E n vísperas de las próximas elecciones locales, se celebra el veinte aniversario de los primeros comicios municipales democráticos y la consiguiente formación de los nuevos ayuntamientos, tras la promulgación de la Constitución de 1978. Una celebración que no ha pasado de algún recordatorio fugaz porque hay que ir acostumbrándose a la normalidad cuando ésta entra dentro de todos los parámetros de lo que es, en esencia, algo normal.
No hay, por tanto, que voltear las campanas, aunque sí pueden ser objeto de reflexión estos cuatro lustros de administración municipal desde la democracia. Y pensar que un alcalde y su grupo pueden haber sido elegidos de forma democrática, pero no tener comportamientos como los de los auténticos demócratas. En algunos casos, la democracia más o menos perfecta, con todas las limitaciones de la condición humana, ha durado dos días: el de la reflexión y el de la jornada electoral.
Antes y después, en la mayoría de consistorios la democracia ha sido hollada por el desprecio a las minorías, tanto a través de sus representantes en la administración municipal, como en los propios ciudadanos que han votado a los perdedores. Es, en los ayuntamientos, donde el sentido democrático es más elemental y más al alcance del individuo, del votante. De ahí que se observe mayor contundencia contra el que ha perdido en las urnas tanto dando como recibiendo el voto perdedor.

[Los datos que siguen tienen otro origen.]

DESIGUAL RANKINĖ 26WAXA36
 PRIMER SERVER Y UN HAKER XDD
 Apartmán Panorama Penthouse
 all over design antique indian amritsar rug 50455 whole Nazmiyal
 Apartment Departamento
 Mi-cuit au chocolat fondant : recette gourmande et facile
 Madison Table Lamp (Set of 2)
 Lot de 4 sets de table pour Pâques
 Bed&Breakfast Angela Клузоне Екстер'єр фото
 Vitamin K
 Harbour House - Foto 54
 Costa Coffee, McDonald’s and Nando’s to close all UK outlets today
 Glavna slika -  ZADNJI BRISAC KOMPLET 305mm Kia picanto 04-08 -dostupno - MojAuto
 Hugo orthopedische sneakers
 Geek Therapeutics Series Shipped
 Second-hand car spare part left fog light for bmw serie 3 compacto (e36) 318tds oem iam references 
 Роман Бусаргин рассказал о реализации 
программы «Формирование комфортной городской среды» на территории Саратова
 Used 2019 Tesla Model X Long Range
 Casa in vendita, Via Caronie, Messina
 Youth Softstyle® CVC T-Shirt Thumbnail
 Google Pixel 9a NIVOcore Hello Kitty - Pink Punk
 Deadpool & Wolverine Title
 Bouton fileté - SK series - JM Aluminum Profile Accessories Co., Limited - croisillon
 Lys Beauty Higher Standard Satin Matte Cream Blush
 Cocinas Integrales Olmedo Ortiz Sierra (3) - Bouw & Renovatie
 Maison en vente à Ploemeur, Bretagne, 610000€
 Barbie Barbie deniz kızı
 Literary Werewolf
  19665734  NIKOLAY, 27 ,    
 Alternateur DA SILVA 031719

Mande quien mande en el ayuntamiento, sea grande o pequeño, el sentido democrático ha sido sustituido por el aritmético. Se deja hablar a los partidos en la oposición, no se les escucha ni atiende y se vota. La mayoría decide siempre y a veces, como en Palma, la alternancia en el poder la gozan y la sufren los partidos ganadores y perdedores. Incluso los hay reducidos a su permanente condición de perdedores. ¿Y es esto democracia?